The S&P/TSX composite index dropped 96.03 points to 13,176.26, while the TSX Venture Exchange dipped 4.09 points to 2,221.3 amid reports Portugal is facing mounting pressure to accept a bailout.

The Dow Jones industrial average fell 68.49 points to 11,606.27. The Nasdaq composite index lost 13.3 points to 2,689.87 while the S&P 500 index declined 6.15 points to 1,265.35.

Gold rose above $1,370 (U.S.) an ounce as investors sought a safe haven.

Oil prices climbed above $89 a barrel after the 800-mile trans-Alaska pipeline owned by BP PLC and four other companies was shut down because of a leak. Benchmark oil for February delivery rose $1.24 to $89.27 a barrel on the New York Mercantile Exchange.

The Canadian dollar failed to benefit from rising oil prices as traders bought into the safe-haven status of the U.S. currency. The loonie declined 0.34 cent to 100.49 cents (U.S.).

Aluminum giant Alcoa Inc. reports after the market close, kicking off the fourth-quarter earnings season.

European bourses were lower amid the latest developments in the sovereign debt crisis, with London's FTSE 100 index down 0.28 per cent. The Frankfurt DAX was down 1.2 per cent and the Paris CAC 40 slipped 1.58 per cent.
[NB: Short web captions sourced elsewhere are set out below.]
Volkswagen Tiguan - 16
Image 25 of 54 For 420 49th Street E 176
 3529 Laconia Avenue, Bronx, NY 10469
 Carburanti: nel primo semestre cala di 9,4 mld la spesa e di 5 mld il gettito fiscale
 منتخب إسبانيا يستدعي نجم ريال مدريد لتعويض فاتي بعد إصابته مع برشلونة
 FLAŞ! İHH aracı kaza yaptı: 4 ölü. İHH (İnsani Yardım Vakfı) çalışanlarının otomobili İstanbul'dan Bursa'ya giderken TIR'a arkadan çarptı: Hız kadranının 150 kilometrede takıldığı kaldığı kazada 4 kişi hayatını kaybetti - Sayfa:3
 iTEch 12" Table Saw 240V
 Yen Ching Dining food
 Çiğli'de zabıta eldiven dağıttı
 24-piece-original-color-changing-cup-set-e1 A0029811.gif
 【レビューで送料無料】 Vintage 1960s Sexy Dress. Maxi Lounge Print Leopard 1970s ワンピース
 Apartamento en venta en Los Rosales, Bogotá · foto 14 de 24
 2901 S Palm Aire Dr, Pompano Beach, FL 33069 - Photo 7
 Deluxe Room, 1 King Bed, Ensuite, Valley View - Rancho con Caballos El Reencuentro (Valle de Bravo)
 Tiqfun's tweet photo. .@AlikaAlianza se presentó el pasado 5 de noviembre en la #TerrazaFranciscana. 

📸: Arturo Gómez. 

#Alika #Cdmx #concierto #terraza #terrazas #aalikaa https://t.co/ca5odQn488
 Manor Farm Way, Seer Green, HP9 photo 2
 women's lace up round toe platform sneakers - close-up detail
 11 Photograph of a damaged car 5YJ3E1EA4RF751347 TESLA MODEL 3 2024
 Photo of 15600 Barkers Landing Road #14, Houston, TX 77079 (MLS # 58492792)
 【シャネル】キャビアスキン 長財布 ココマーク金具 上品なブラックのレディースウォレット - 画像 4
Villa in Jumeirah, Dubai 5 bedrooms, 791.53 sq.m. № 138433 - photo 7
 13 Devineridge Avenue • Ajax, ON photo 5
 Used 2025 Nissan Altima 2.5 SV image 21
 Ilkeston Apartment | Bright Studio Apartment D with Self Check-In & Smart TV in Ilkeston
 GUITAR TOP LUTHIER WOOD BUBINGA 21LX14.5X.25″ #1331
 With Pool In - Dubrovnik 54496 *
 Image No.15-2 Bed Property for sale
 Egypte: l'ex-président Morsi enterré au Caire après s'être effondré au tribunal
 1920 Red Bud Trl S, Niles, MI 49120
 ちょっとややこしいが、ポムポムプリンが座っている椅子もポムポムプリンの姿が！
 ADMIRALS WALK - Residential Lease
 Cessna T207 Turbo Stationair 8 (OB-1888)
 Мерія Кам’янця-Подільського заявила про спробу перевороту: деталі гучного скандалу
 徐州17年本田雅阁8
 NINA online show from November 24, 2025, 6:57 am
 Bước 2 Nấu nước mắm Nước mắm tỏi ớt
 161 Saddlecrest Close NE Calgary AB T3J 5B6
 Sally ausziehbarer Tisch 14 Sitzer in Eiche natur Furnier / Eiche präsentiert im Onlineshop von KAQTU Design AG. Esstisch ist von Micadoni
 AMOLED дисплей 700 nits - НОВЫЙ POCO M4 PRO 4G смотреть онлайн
German newspaper Der Spiegel reported that France and Germany are pressing Portugal to tap a European rescue fund to keep the sovereign debt crisis from spreading to much-bigger Spain. Portugal denies it needs to do so. At the same time, the yield on Portugal's 10-year bonds rose nearly half a percentage point to 7.14 per cent.